Sneddon syndrome

Sneddon syndrome

Sneddon syndrome also called Ehrmann-Sneddon syndrome, is a rare progressive condition that affects small- and medium-sized blood vessels. Sneddon syndrome is primarily characterized by livedo reticularis (net-like patterns of discoloration on the skin) and neurological abnormalities 1). Sneddon syndrome symptoms may include transient ischemic attacks (mini-strokes) and strokes; headache; dizziness; abnormally high blood pressure (hypertension); and heart disease 2). Reduced blood flow to the brain may cause reduced intellectual ability, memory loss, personality changes, and/or other neurological symptoms. The combination of stroke symptoms and livedo reticularis differentiates Sneddon syndrome from other disorders.

The cause of Sneddon syndrome is often unknown, but it is sometimes associated with an autoimmune disease. Most cases are sporadic but some familial cases with autosomal dominant inheritance have been reported.

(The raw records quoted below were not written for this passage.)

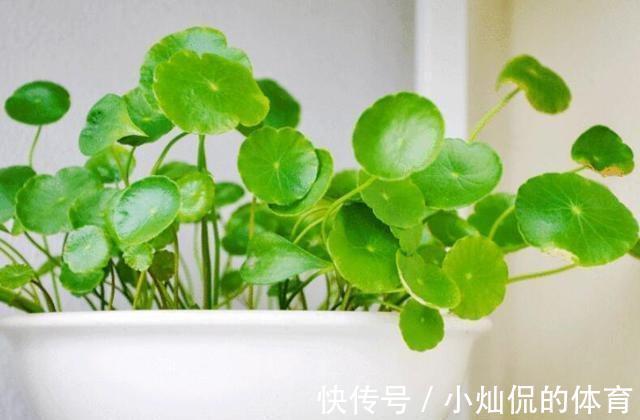 农历十一月大雪过后,养什么花?家里养3种花,幸福安康富贵吉祥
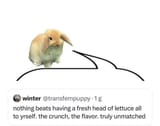 1725938197087974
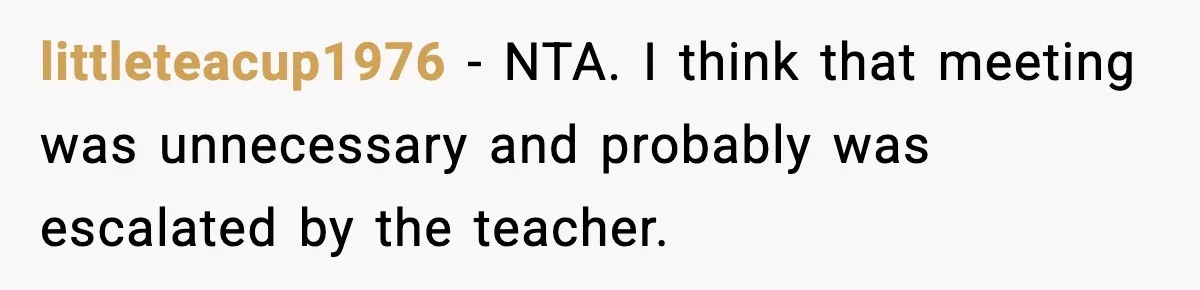 littleteacup1976 − NTA. I think that meeting was unnecessary and probably was escalated by the teacher.
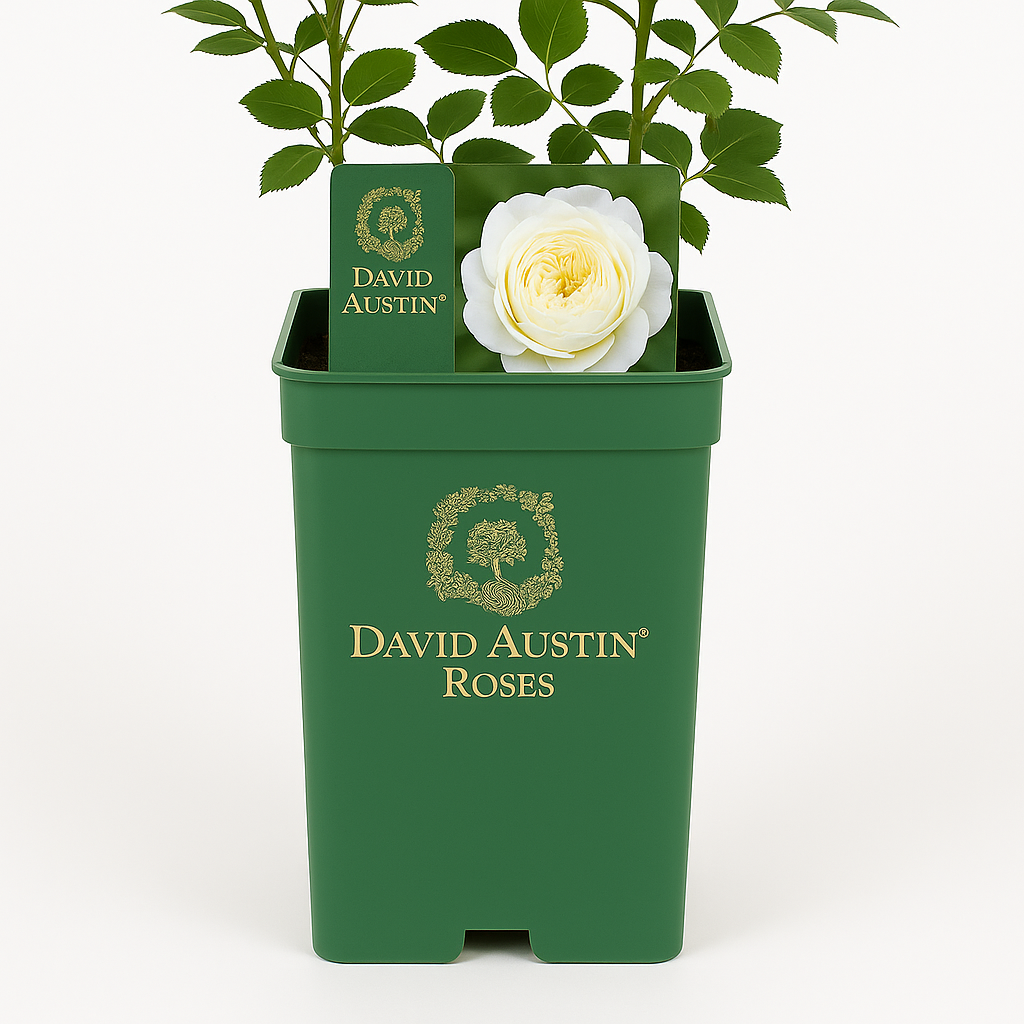 Claire Austin (Ausprior)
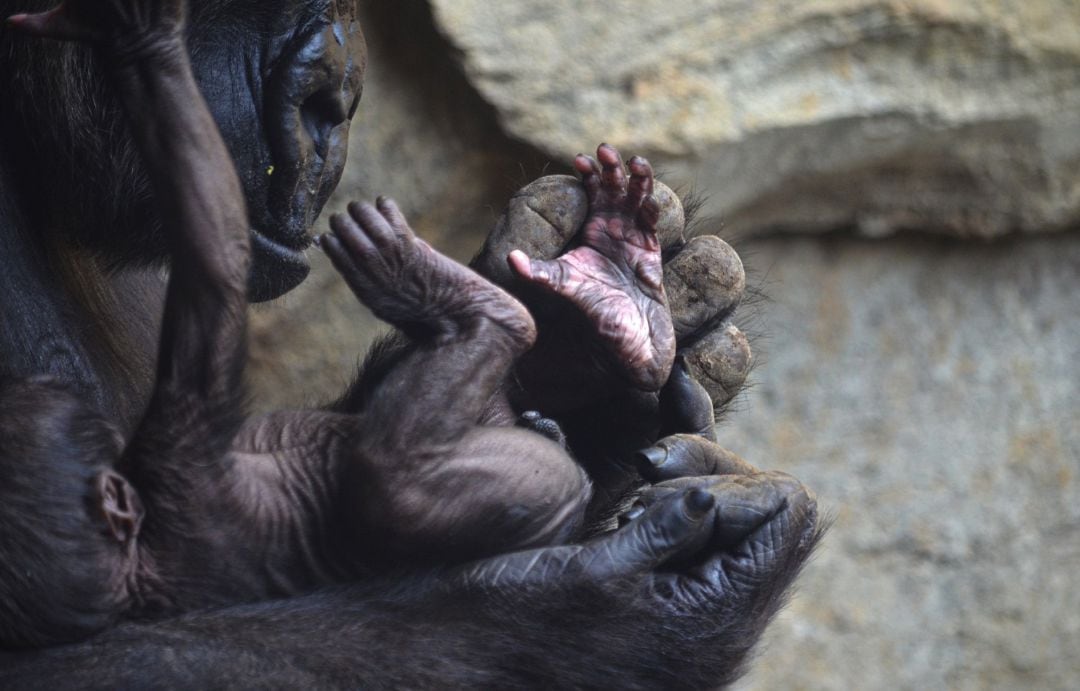 El bebé gorila de Bioparc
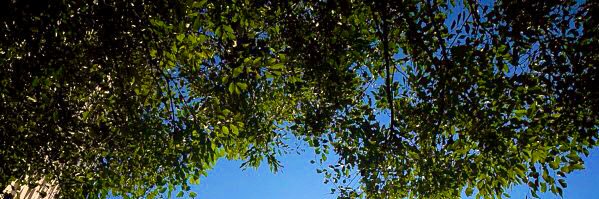 クッキーばい。 banner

Sneddon syndrome was first described a separate clinical entity in the medical literature by Dr. Sneddon and colleagues in 1965 3). Since that time, significant debate has existed as to whether Sneddon syndrome is a distinct disorder, part of a spectrum of disorders, or a subtype of antiphospholipid syndrome. Some researchers believe that Sneddon syndrome should be separated into primary and secondary cases depending on whether an underlying cause has been identified (primary versus idiopathic), while others suggest a classification based on whether certain symptoms of autoimmune disease are present or not (aPL-positive versus aPL negative) 4). Primary Sneddon syndrome would denote cases where there was no known cause (idiopathic); secondary Sneddon syndrome would denote cases that are believed to occur secondary to another disorder or thrombophilic state. Some researchers believe that Sneddon syndrome should be differentiated by whether antiphospholipid antibodies are present (aPL-positive) or absent (aPL-negative), others discuss autoimmune/inflammatory etiopathogenesis versus thrombophilia.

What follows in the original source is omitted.